Start of Block

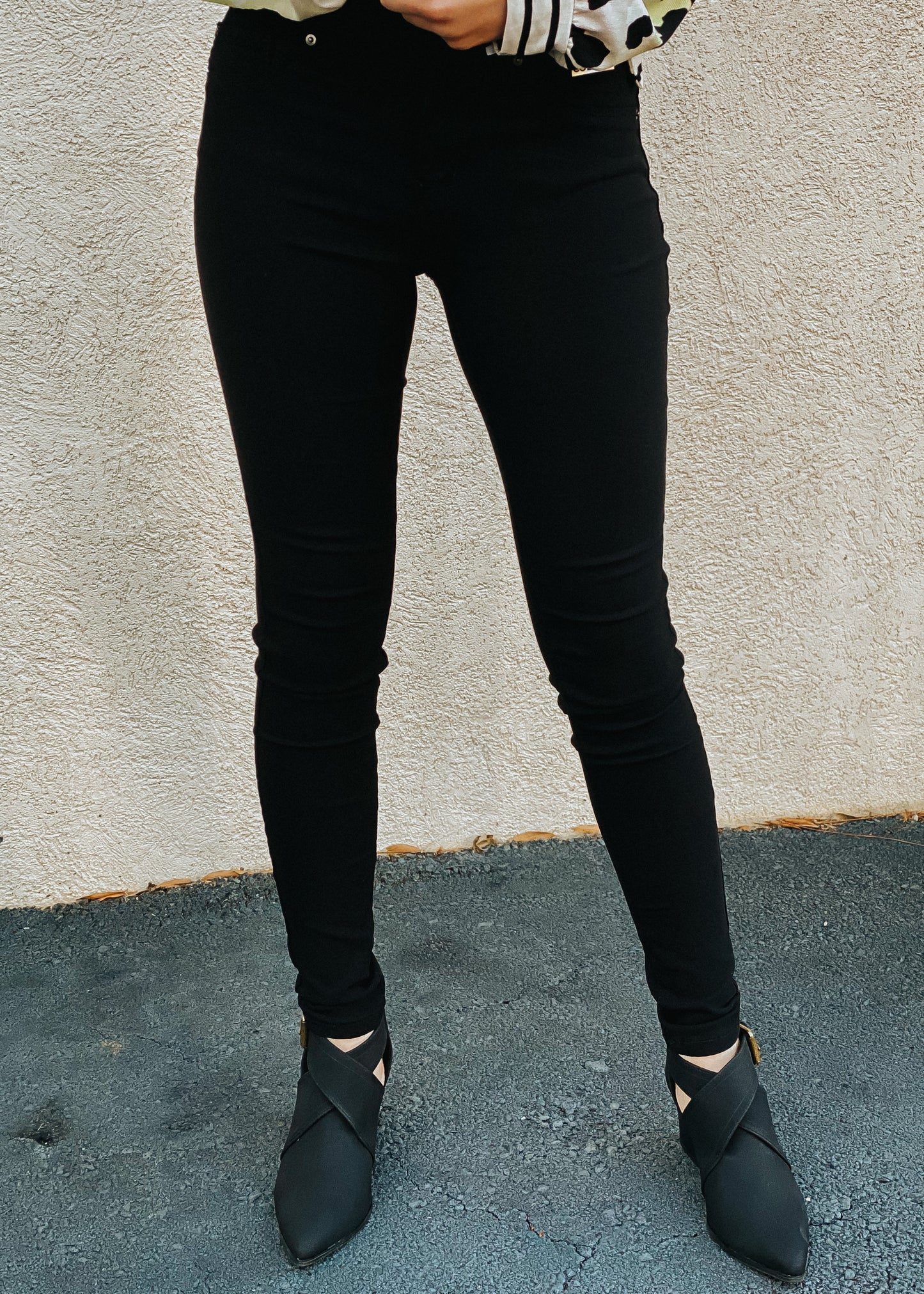 RESTOCK:: Skylar Skinnies - Black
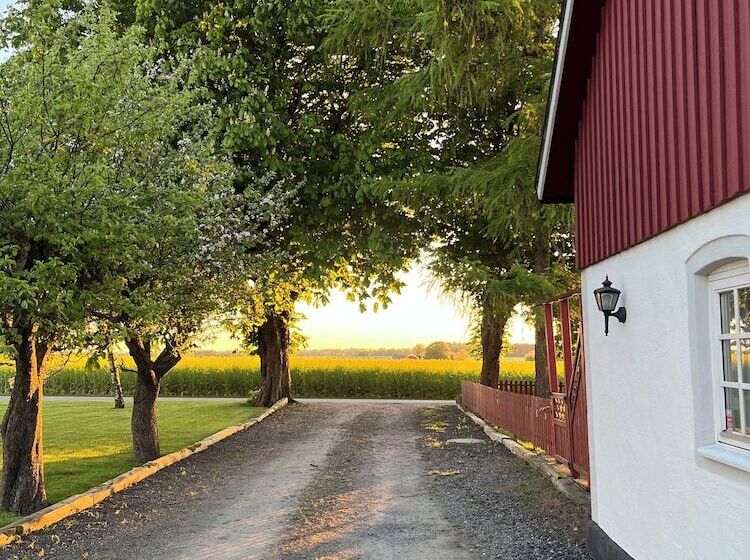 Отель Sydkustens At Lillehem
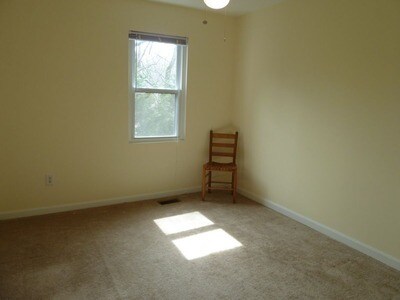 Building Photo - 63 Kinsman View Cir
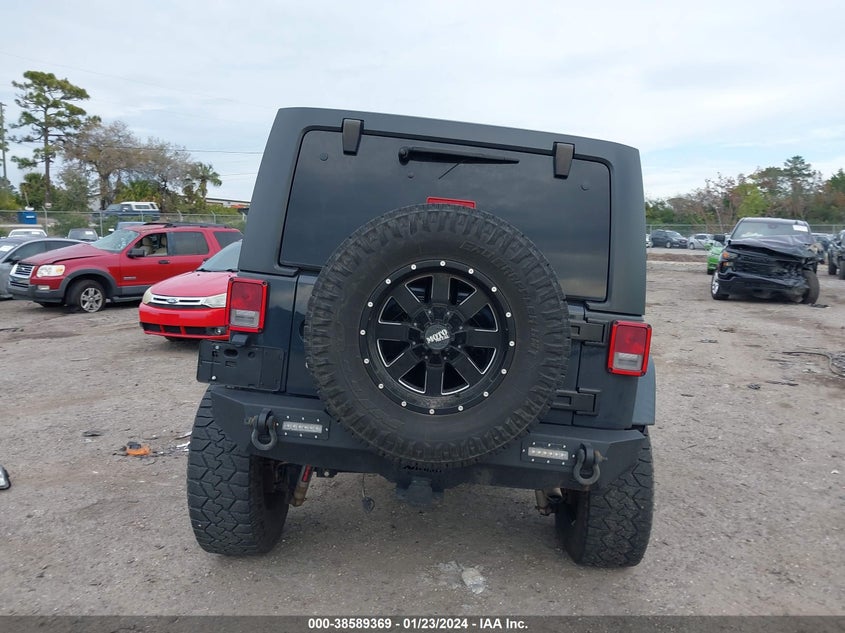 VIN 1C4BJWDG6JL883358 2018 JEEP WRANGLER JK UNLIMITED SPORT S 4X4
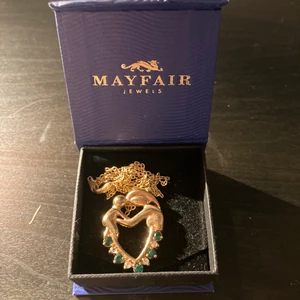 Guldigt halsband - Säljer ett fint litet guldigt halsband⭐️  Har knappt använt de så är i fint skick. För mer info eller bilder dm gärna mig🍓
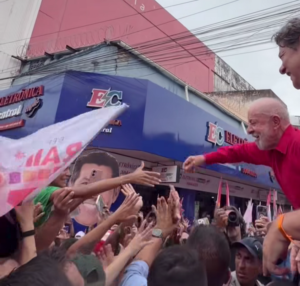 Brasil vota este domingo: Lula saca ventaja, pero Bolsonaro hijo fuerza un balotaje peleadísimo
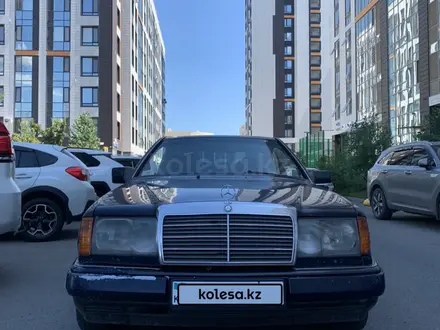 Mercedes-Benz E 300 1991 года за 1 200 000 тг. в Астана – фото 5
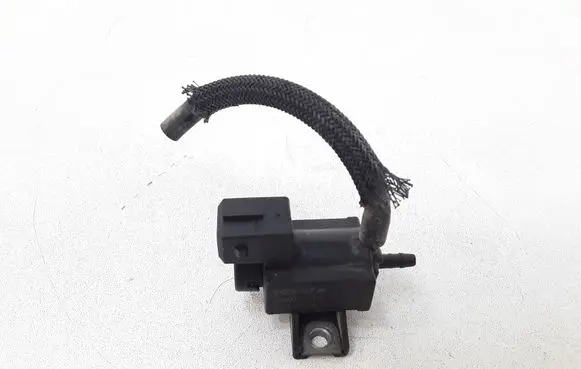Toyota Avensis T250 Vacuum valve 258600R010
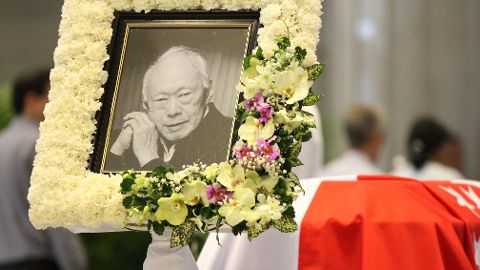 Lễ tang cố Thủ tướng Lý Quang Diệu chính thức bắt đầu lúc 12g30 - Ảnh: CNA
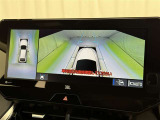 パノラミックビューモニターを装備。駐車場や交差点でクルマを真上から見るように周囲を確認できます。機能の詳細は販売店スタッフまでおたずねください。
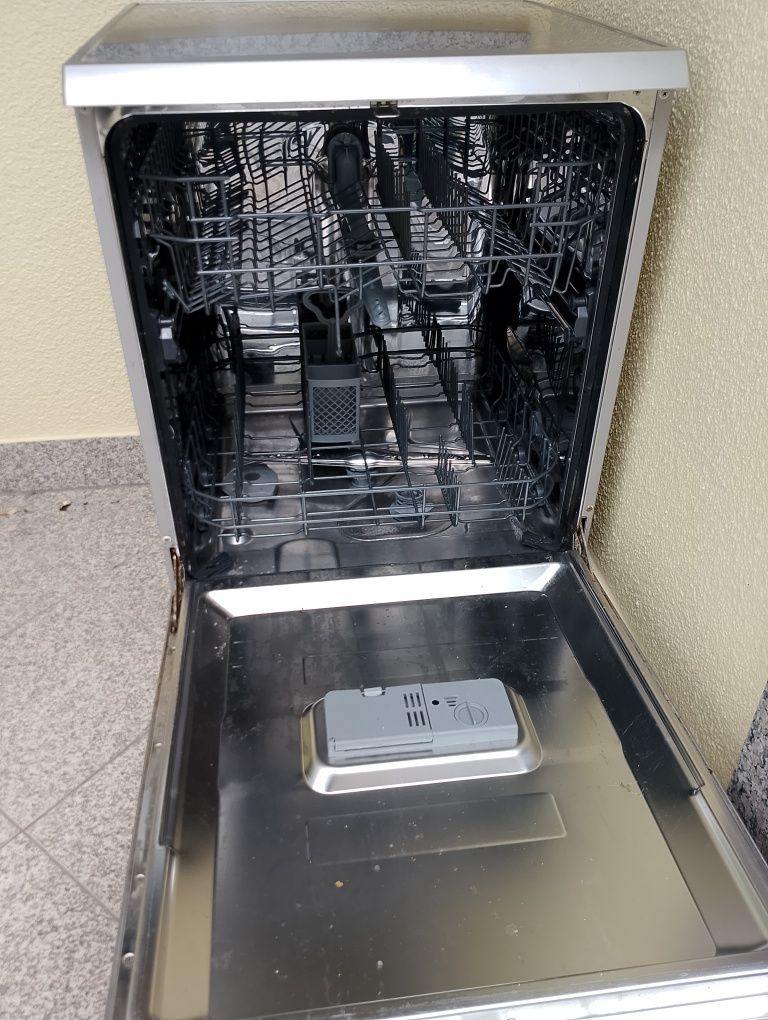 Máquina de loiça para peças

End of Block

_Requirement_.
Write out the data in full and exactly as given, though without the images.

_Task answer_.
 RESTOCK:: Skylar Skinnies - Black
 Отель Sydkustens At Lillehem
 Building Photo - 63 Kinsman View Cir
 VIN 1C4BJWDG6JL883358 2018 JEEP WRANGLER JK UNLIMITED SPORT S 4X4
 Guldigt halsband - Säljer ett fint litet guldigt halsband⭐️  Har knappt använt de så är i fint skick. För mer info eller bilder dm gärna mig🍓
 Brasil vota este domingo: Lula saca ventaja, pero Bolsonaro hijo fuerza un balotaje peleadísimo
 Mercedes-Benz E 300 1991 года за 1 200 000 тг. в Астана – фото 5
Toyota Avensis T250 Vacuum valve 258600R010
 Lễ tang cố Thủ tướng Lý Quang Diệu chính thức bắt đầu lúc 12g30 - Ảnh: CNA
 パノラミックビューモニターを装備。駐車場や交差点でクルマを真上から見るように周囲を確認できます。機能の詳細は販売店スタッフまでおたずねください。
 Máquina de loiça para peças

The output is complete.